The Federal Reserve, which is considering raising interest rates for the first time since 2006, said the slowdown during the winter months in part reflects “transitory factors,” according to a statement April 29 after a two-day meeting. “Although growth in output and unemployment slowed during the first quarter, the committee continues to expect that, with appropriate policy accommodation, economic activity will expand at a moderate pace.”

The Fed repeated it will raise rates when it sees further labor-market improvement and is “reasonably confident” inflation will move back to its 2% goal over time.

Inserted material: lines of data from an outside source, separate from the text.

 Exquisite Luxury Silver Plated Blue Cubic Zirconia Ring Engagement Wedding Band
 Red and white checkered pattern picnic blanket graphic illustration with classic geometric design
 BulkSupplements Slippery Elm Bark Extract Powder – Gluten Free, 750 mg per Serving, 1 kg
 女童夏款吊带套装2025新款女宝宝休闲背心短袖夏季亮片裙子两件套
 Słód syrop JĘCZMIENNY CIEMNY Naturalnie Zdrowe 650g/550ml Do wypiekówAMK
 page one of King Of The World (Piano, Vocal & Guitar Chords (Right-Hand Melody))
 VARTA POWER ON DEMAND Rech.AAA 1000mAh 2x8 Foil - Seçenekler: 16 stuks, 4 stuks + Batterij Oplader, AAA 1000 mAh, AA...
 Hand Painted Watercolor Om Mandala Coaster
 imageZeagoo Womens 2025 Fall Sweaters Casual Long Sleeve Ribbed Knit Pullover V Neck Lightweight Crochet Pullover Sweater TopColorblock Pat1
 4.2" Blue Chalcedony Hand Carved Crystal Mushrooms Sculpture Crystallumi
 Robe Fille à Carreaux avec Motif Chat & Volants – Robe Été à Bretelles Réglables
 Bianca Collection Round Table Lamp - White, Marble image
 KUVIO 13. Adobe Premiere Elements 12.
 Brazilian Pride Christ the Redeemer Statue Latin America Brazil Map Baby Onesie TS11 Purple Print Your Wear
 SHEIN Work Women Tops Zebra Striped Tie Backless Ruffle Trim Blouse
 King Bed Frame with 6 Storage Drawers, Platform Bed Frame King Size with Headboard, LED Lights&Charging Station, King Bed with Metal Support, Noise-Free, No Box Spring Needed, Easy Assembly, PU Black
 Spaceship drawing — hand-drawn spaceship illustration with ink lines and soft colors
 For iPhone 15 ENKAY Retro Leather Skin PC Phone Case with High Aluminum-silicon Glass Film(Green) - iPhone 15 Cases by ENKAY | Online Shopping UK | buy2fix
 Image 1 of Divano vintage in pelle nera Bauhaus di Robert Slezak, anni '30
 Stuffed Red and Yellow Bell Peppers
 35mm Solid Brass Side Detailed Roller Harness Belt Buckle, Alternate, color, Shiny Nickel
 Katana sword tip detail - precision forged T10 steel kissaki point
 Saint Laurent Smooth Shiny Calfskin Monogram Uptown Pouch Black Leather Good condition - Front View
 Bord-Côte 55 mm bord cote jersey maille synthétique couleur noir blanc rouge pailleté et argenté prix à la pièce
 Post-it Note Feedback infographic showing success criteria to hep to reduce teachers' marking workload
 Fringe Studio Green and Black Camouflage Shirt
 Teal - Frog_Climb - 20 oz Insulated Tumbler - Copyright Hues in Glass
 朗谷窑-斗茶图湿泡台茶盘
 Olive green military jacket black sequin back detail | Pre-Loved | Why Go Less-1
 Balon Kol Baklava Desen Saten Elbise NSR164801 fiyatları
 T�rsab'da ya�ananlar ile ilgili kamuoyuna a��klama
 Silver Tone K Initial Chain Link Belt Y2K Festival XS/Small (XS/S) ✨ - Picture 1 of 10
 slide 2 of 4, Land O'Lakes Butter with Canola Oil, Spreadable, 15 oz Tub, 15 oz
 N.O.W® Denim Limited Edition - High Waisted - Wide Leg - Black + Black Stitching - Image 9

The report showed the price index tied to consumer spending increased 0.2% in March, the same as in the prior month. From a year earlier, the gauge was up 0.3%. This inflation measure is preferred by Fed policymakers and last met their target in April 2012.

Stripping out the volatile food and energy components, the price measure climbed 0.1% from the month before and 1.3% in the 12 months ended March.

The report also showed that after adjusting for inflation, which generates the figures used to calculate GDP, purchases increased 0.3% last month after being little change in February, which previously was reported as a 0.1% drop.

The gain last month was propelled by a 2% inflation-adjusted increase in durable goods that reflected a rebound in demand for automobiles.

Cheaper gasoline prices have kept some extra money in consumers’ pockets over the past few months. While the average price of a gallon of the fuel rose to $2.56 on April 28 from a low of $2.03 in January, it’s still below last year’s peak of $3.70.

Companies such as Mastercard Inc., the second-largest payments network, also are feeling the effects of lower gas prices. While payment credit-card spending accelerated outside the United States, domestic consumers seem to be using spare cash from cheaper gas to pay down debt and prop up personal savings, and “we don’t get any benefit out of a higher savings rate,” MasterCard CEO Ajay Banga said.

However, it doesn’t appear to be a long-term issue, he added. “I think we’re going to look at a somewhat different pattern of consumer spending over the next three to six months just because underlying consumer sentiment is positive.”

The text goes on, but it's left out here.